What Is a Vertical Property Card?
A Vertical Property Card is proposed as an official, unit-level record for flats in multi-storey buildings.
Unlike the traditional property card, which records the land parcel, the vertical property card would identify the individual apartment and connect it to the owner’s proportionate share in the land beneath the building. Reported details likely to be captured include the owner’s name, flat number, floor, carpet area, land share and encumbrance or loan-related information.
In simple terms, it gives the flat an official land-record identity.
That distinction matters.
A sale deed proves that a transaction took place. A vertical property card, once implemented, would act as a supplementary government-backed record connecting the flat owner to the land rights attached to that apartment. Business Standard has also reported that the VPC is not expected to replace the sale deed; rather, the sale deed remains proof of transaction while the VPC becomes a land-linked ownership record.
Why This Reform Matters
India’s urban housing market has changed dramatically. Cities such as Mumbai, Pune, Thane, Navi Mumbai, Nagpur and Nashik are no longer expanding only through plotted development. They are expanding through towers, gated communities, redevelopment projects and high-density apartment clusters.
Yet, land records were historically designed for land parcels—not for hundreds of owners stacked vertically on one plot.
That mismatch creates real friction.
During resale, buyers often need to verify multiple documents. During redevelopment, questions around land share and consent can become complicated. During inheritance, families may struggle with clean transfer of ownership. During lending, banks often require deeper title verification before approving loans.
The vertical property card attempts to reduce these pain points by creating a clearer ownership trail.

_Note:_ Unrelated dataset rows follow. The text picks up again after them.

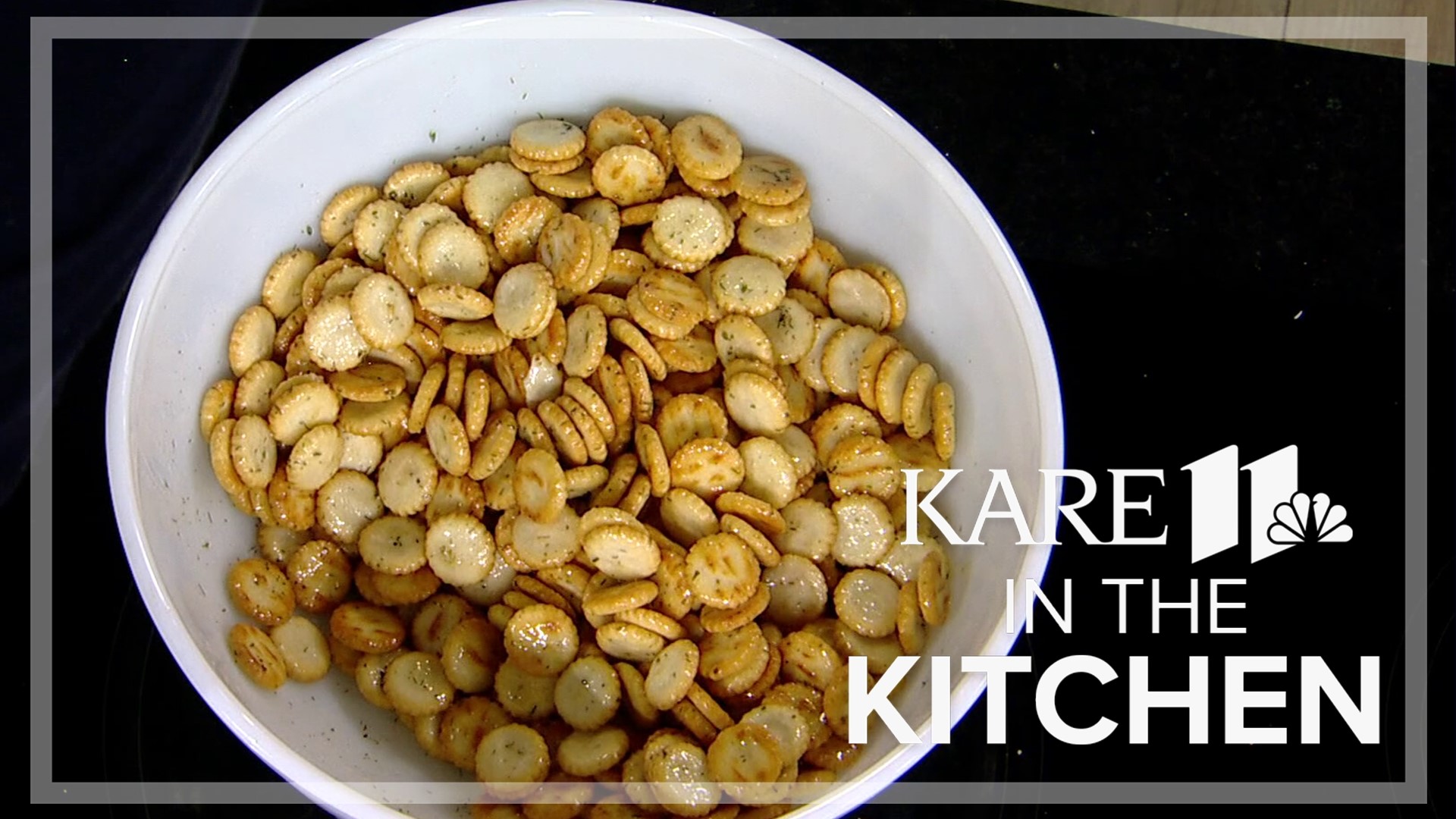 Need a snack to feed a holiday crowd? Try KARE 11 Executive Producer Jordy Foy's ranch oyster crackers!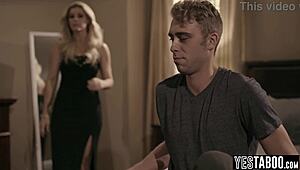 Poželen pastorek 18+ prevara drobno MILF mačeho v divje jebanje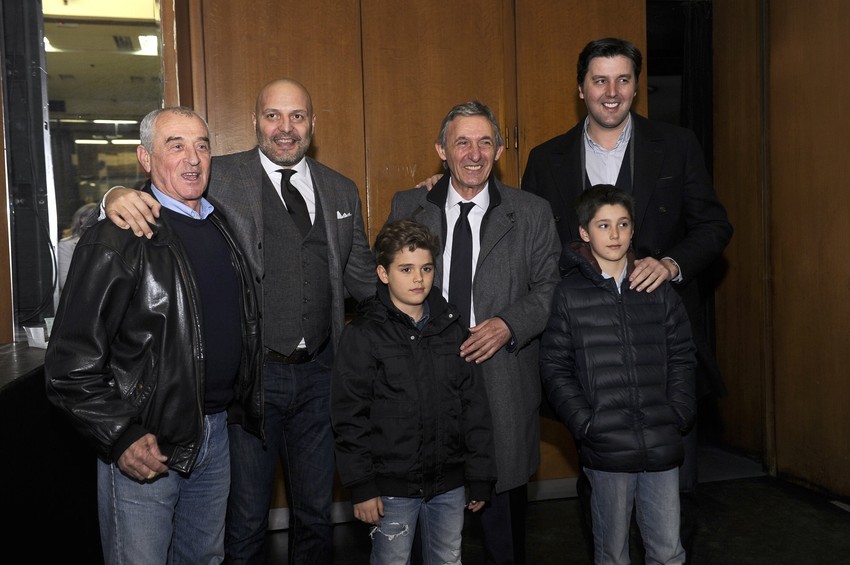 Posledne večeri prikazan je film "Svetislav Pešić. Više od trenera". Projekciji su prisustvovali i profesor Milivoje Karalejić, Aleksandar Đorđević i Dejan Bodiroga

It can make property transactions more transparent, improve confidence for banks, support smoother inheritance transfers and reduce disputes linked to redevelopment or unclear land rights.
The Bigger Message: Trust Is Becoming Infrastructure
Real estate reform is often discussed through the language of construction, FSI, approvals, sales velocity and price appreciation.
But the real foundation of a healthy property market is trust.
When buyers trust the title, transactions become faster. When banks trust the record, credit becomes smoother. When societies trust ownership data, redevelopment becomes more practical. When government records reflect ground reality, urban governance becomes more accurate.
Maharashtra already has official digital systems for urban property records and digitally signed property cards, with government portals providing access to property card services and digitally signed 7/12 and property card documents for official and legal use.
The proposed vertical property card can be seen as the next logical step: taking the state’s land-record architecture from the land parcel to the apartment unit.
What Flat Owners Should Watch
For flat owners, this reform should be watched carefully—not as a headline, but as a practical ownership development.
The key questions will be:
First, when will the final notification be issued?
Second, how will older housing societies apply?
Third, what documents will societies and individual owners need to submit?
Fourth, how will carpet area, common areas and proportionate land share be calculated?
Fifth, how will encumbrances, loans, inheritance transfers and redevelopment rights be reflected?
The latest reporting indicates that detailed guidelines on documentation, verification and building mapping are expected after the final notification. Existing societies may need to apply once the policy is finalised, while new and MahaRERA-registered projects may be integrated more directly.
Why Developers and Societies Should Also Care
This is not only a buyer-side reform.
For developers, cleaner title records can improve buyer confidence and reduce friction during sales. For redevelopment players, transparent land-share records can make consent-building and project structuring more efficient. For housing societies, it can create a more disciplined ownership database. For lenders, it can improve due diligence.
In a market where trust directly affects transaction speed, title transparency is not a legal detail—it is a commercial advantage.
My view is straightforward: “Maharashtra’s vertical property card proposal may look like an administrative reform, but its impact could be much larger.
It acknowledges a simple truth: the Indian city has changed. The record system must change with it.
Flat owners are no longer just occupants of an apartment number inside a building. They are stakeholders in land, redevelopment value, inheritance rights, mortgageability and urban asset creation.
A vertical property card gives that reality a formal record.
The reform will succeed only if implementation is clean, digital, affordable and society-friendly. If the process becomes slow, document-heavy or unclear, the promise may weaken. But if executed properly, Maharashtra could create a model for other urban states where apartment ownership has outgrown old land-record formats.
The future of real estate transparency will not be built only through taller buildings.
It will be built through clearer records.
And for Maharashtra’s flat owners, the vertical property card may become the document that finally allows the ownership system to rise as high as the cities themselves.”

© Dhananjay Parmar
✆ +91 9223497891

04/05/2026

How Indian Cities Are Turning Idle Land and Old Buildings into Fiscal Power.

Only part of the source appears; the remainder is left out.